■ **Activity**
Below are the entries. Print only the lines starting at the one with "14 Lexington St, Franklin, MA 02038" and ending at the one with "Пляж отеля Adora", exactly, with no pictures.

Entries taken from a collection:
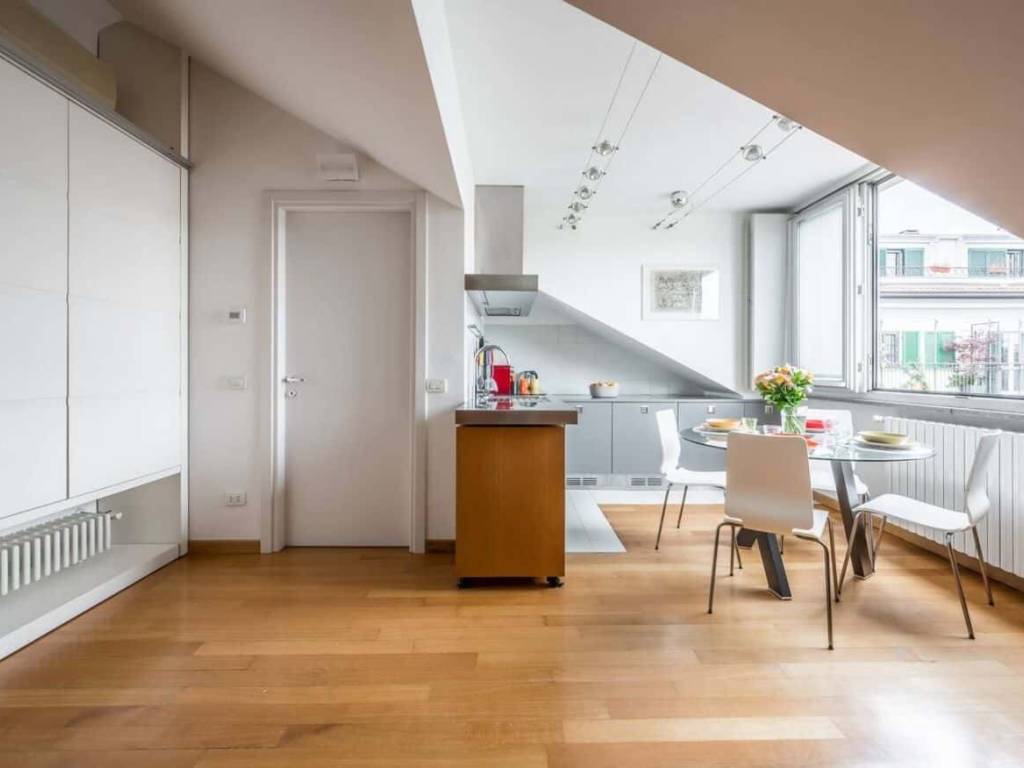 appartamento in affitto a Milano in zona Centro Direzionale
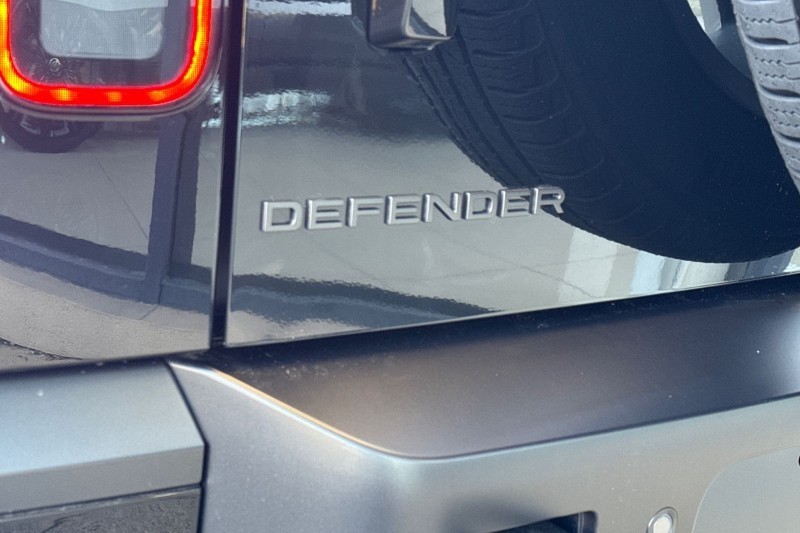  LAND ROVER DEFENDER 3.0 D250 X-Dynamic SE 110 5dr Auto 4916986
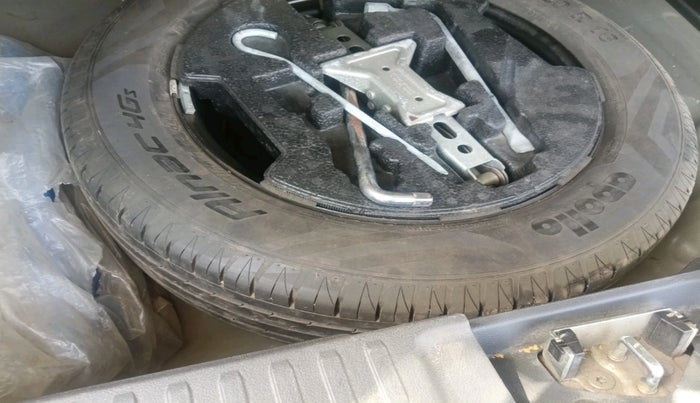 2016 Maruti Vitara Brezza ZDI PLUS, Diesel, Manual, 1,25,268 km, tyre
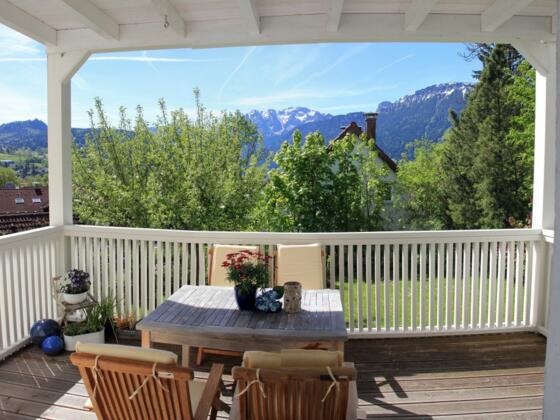 Auf dem Balkon im Frühling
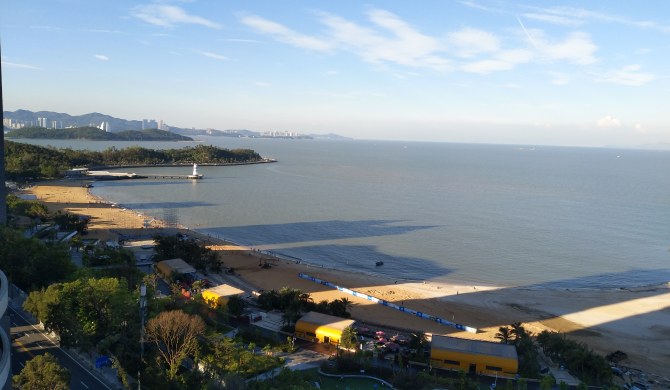 珠海吉大海滨泳场超赞海景四房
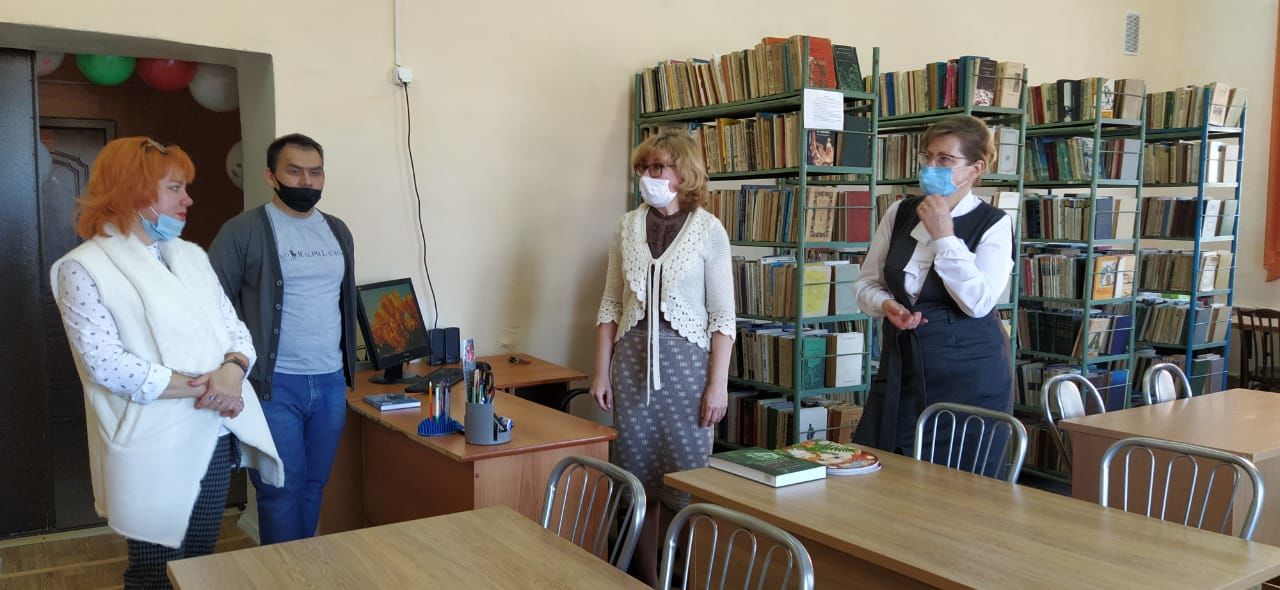 В Менделеевске открылась школьная библиотека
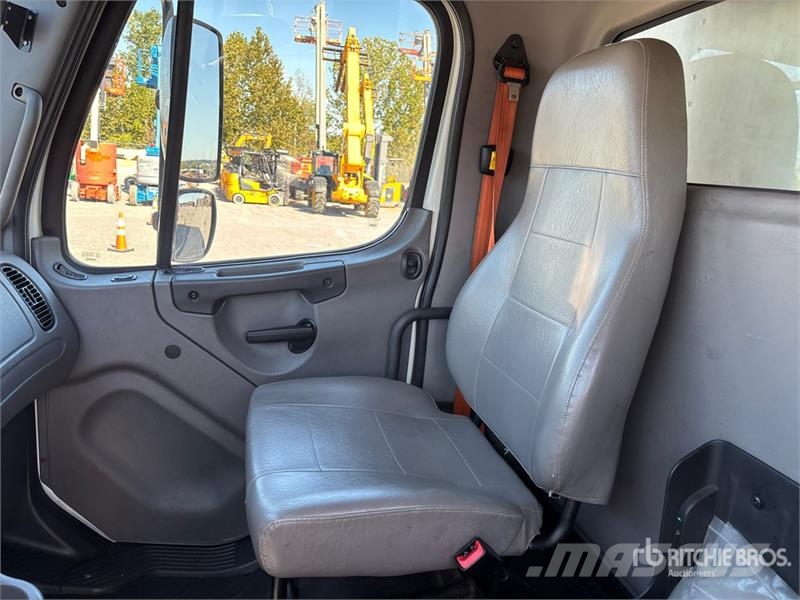 Freigthliner M2 106 4x2 Refrigerated Truck Tovornjaki hladilniki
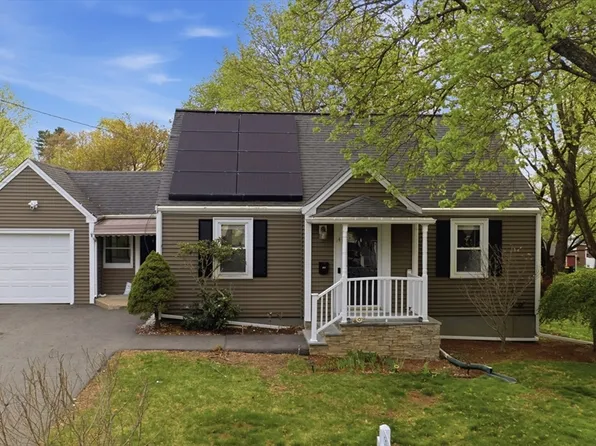 14 Lexington St, Franklin, MA 02038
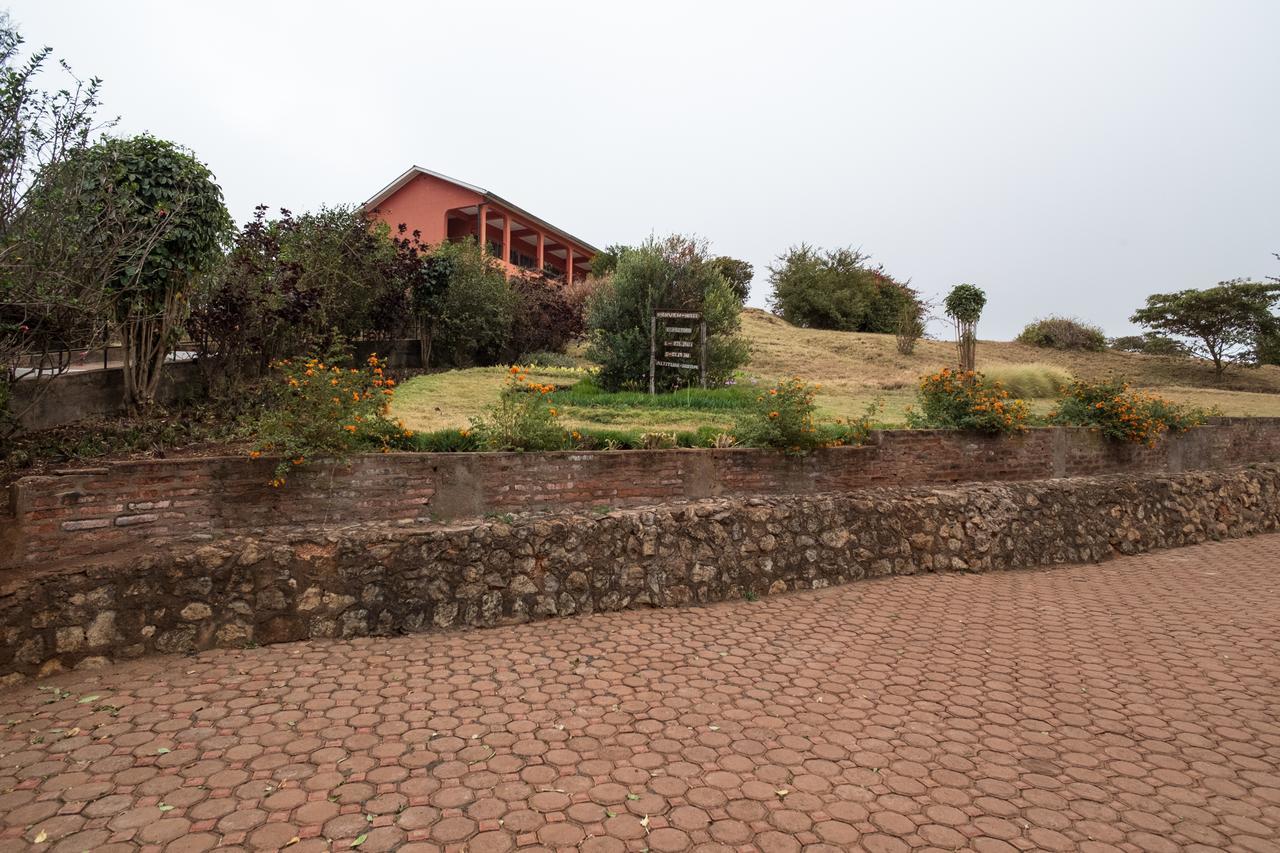 Highview Hotel Karatu Exterior foto
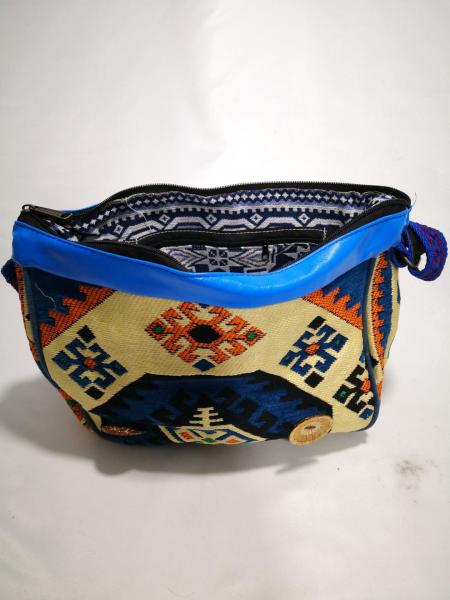 Kilim Desen Omuz Çantası Ölçü 36X24Cm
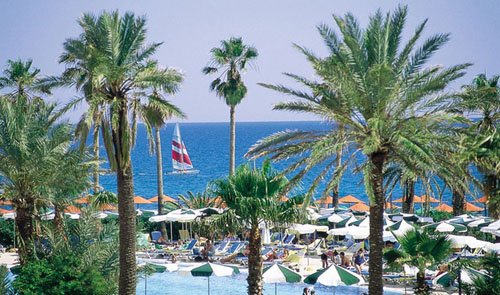 Пляж отеля Adora Golf Resort Hotel 5* (Адора Гольф Резорт Отель 5*) Фото отеля Adora Golf Resort Hotel 5* (Адора Гольф Резорт Отель 5*)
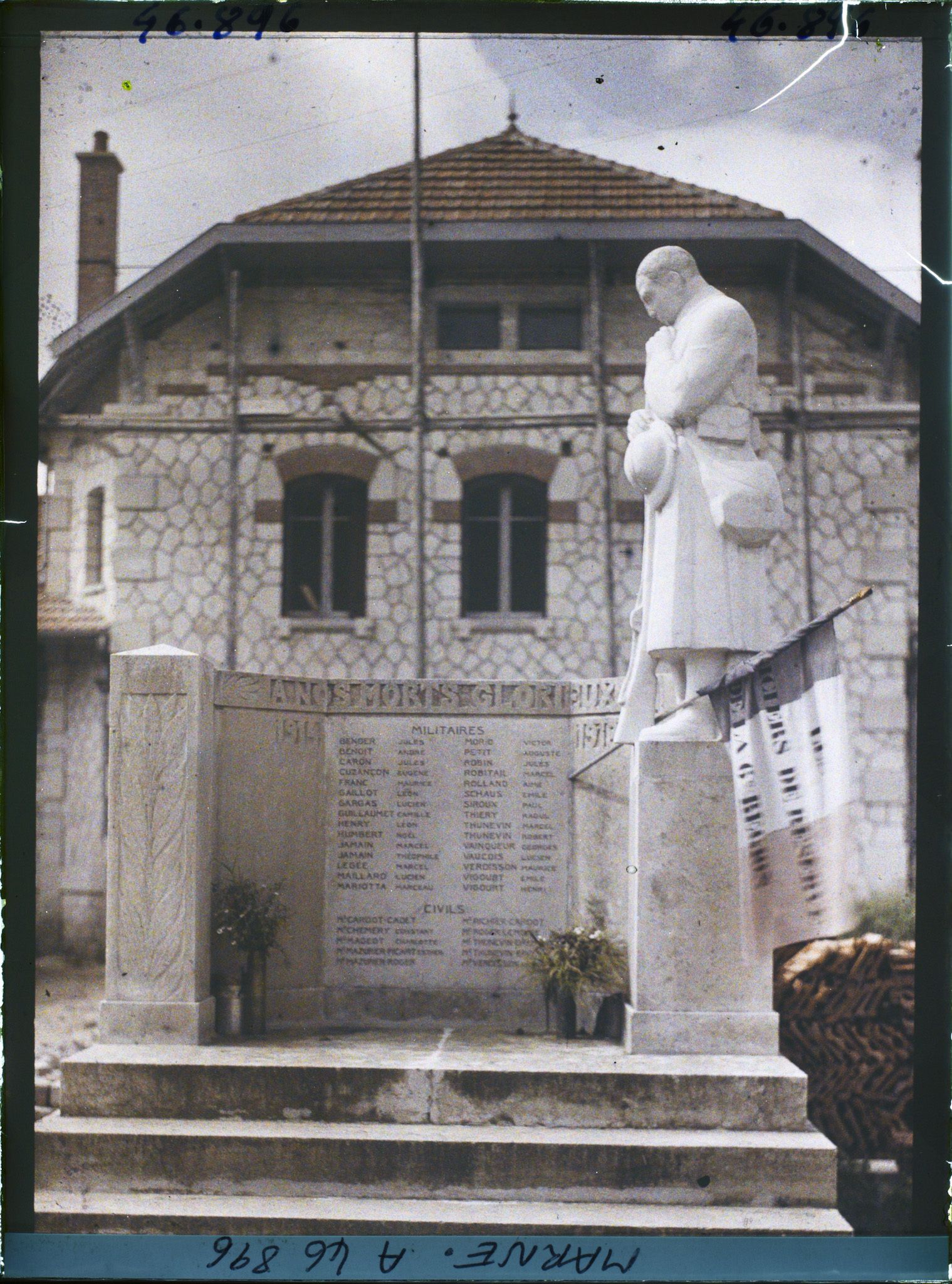 Image représentant France, Vienne le Château Marne (475 h.), Le Monumt aux Morts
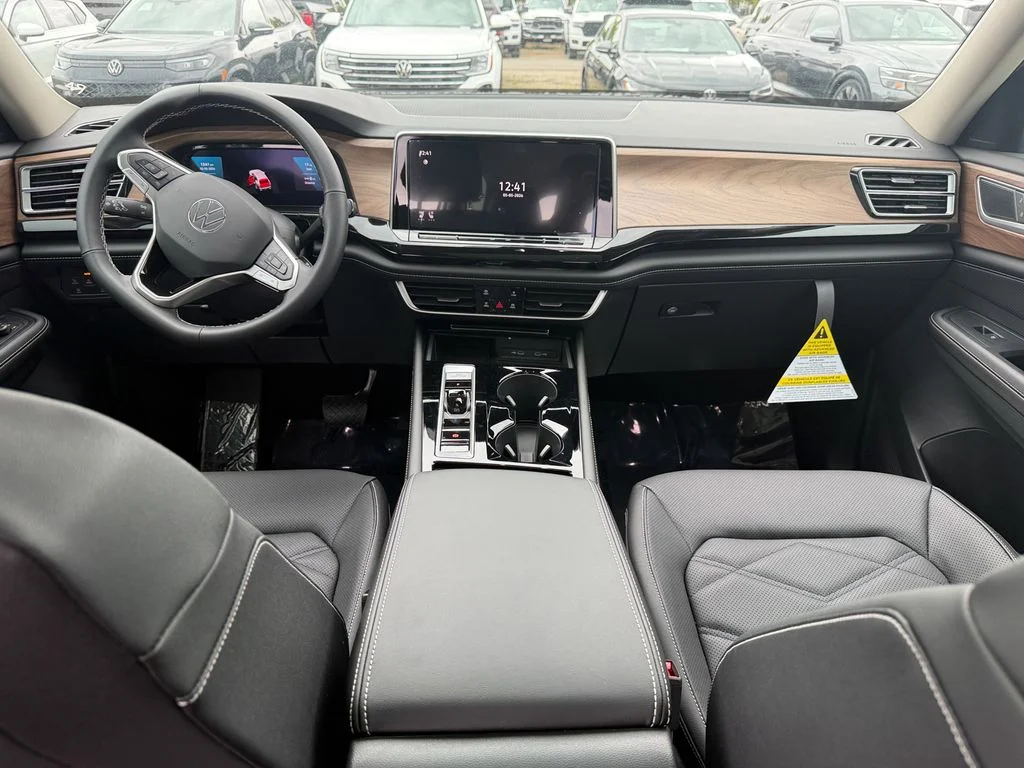 New 2026  Volkswagen 2.0T SE w/Technology image 27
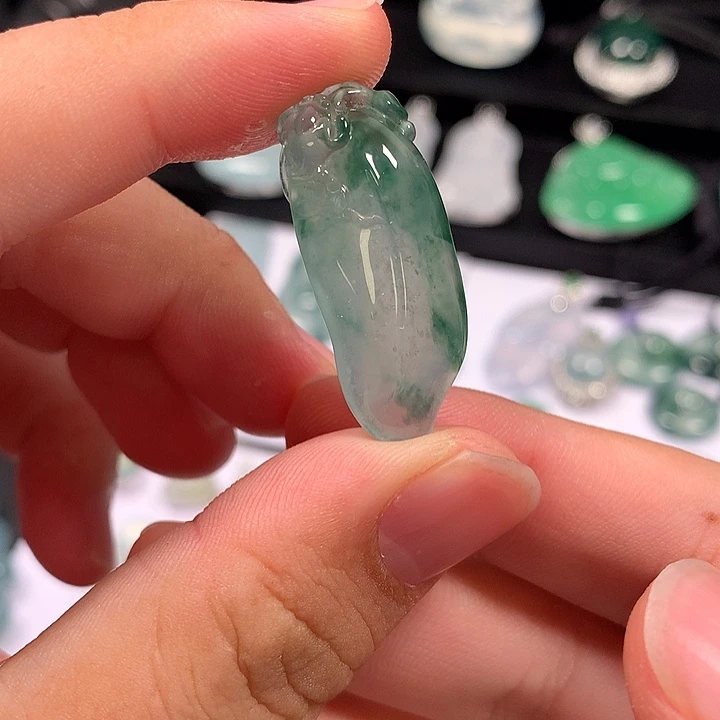 翡翠未镶嵌颈饰高冰飘花福瓜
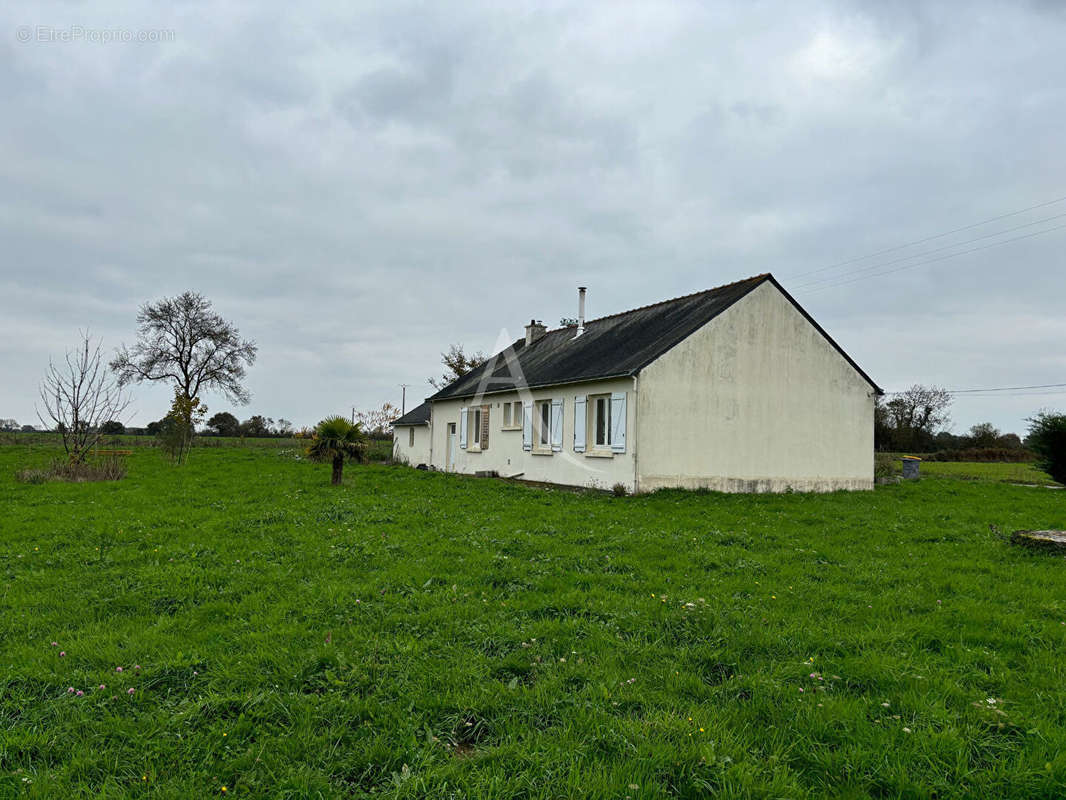 Maison à SAINT-MARS-DU-DESERT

■ **Your response**
 14 Lexington St, Franklin, MA 02038
 Highview Hotel Karatu Exterior foto
 Kilim Desen Omuz Çantası Ölçü 36X24Cm
 Пляж отеля Adora Golf Resort Hotel 5* (Адора Гольф Резорт Отель 5*) Фото отеля Adora Golf Resort Hotel 5* (Адора Гольф Резорт Отель 5*)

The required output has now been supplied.